*** Material for this exercise
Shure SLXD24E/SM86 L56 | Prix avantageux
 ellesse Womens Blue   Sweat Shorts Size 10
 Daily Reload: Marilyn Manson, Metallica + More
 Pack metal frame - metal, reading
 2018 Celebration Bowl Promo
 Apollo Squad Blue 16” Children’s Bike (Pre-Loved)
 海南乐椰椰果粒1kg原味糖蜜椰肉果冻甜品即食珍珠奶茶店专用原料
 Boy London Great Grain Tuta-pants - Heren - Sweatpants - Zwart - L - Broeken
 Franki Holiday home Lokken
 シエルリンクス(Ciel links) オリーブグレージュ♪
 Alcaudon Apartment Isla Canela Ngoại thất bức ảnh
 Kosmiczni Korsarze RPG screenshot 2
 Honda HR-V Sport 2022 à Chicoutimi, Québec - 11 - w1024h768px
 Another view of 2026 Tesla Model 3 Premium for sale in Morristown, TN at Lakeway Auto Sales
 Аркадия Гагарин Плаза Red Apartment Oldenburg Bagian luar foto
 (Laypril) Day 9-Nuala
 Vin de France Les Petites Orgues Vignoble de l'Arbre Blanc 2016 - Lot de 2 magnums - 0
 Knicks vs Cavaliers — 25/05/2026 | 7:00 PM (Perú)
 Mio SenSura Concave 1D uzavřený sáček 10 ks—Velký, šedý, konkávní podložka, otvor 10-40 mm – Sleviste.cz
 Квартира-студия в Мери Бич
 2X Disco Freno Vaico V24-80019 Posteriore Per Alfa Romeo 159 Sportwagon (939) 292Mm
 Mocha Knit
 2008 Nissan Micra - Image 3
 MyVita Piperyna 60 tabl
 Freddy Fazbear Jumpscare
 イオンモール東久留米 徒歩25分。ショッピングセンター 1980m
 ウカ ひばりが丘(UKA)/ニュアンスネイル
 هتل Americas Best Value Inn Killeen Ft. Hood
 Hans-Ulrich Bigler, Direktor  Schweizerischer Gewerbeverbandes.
******
What you will do: Print out each line of the data exactly.

Output:
Shure SLXD24E/SM86 L56 | Prix avantageux
 ellesse Womens Blue   Sweat Shorts Size 10
 Daily Reload: Marilyn Manson, Metallica + More
 Pack metal frame - metal, reading
 2018 Celebration Bowl Promo
 Apollo Squad Blue 16” Children’s Bike (Pre-Loved)
 海南乐椰椰果粒1kg原味糖蜜椰肉果冻甜品即食珍珠奶茶店专用原料
 Boy London Great Grain Tuta-pants - Heren - Sweatpants - Zwart - L - Broeken
 Franki Holiday home Lokken
 シエルリンクス(Ciel links) オリーブグレージュ♪
 Alcaudon Apartment Isla Canela Ngoại thất bức ảnh
 Kosmiczni Korsarze RPG screenshot 2
 Honda HR-V Sport 2022 à Chicoutimi, Québec - 11 - w1024h768px
 Another view of 2026 Tesla Model 3 Premium for sale in Morristown, TN at Lakeway Auto Sales
 Аркадия Гагарин Плаза Red Apartment Oldenburg Bagian luar foto
 (Laypril) Day 9-Nuala
 Vin de France Les Petites Orgues Vignoble de l'Arbre Blanc 2016 - Lot de 2 magnums - 0
 Knicks vs Cavaliers — 25/05/2026 | 7:00 PM (Perú)
 Mio SenSura Concave 1D uzavřený sáček 10 ks—Velký, šedý, konkávní podložka, otvor 10-40 mm – Sleviste.cz
 Квартира-студия в Мери Бич
 2X Disco Freno Vaico V24-80019 Posteriore Per Alfa Romeo 159 Sportwagon (939) 292Mm
 Mocha Knit
 2008 Nissan Micra - Image 3
 MyVita Piperyna 60 tabl
 Freddy Fazbear Jumpscare
 イオンモール東久留米 徒歩25分。ショッピングセンター 1980m
 ウカ ひばりが丘(UKA)/ニュアンスネイル
 هتل Americas Best Value Inn Killeen Ft. Hood
 Hans-Ulrich Bigler, Direktor  Schweizerischer Gewerbeverbandes.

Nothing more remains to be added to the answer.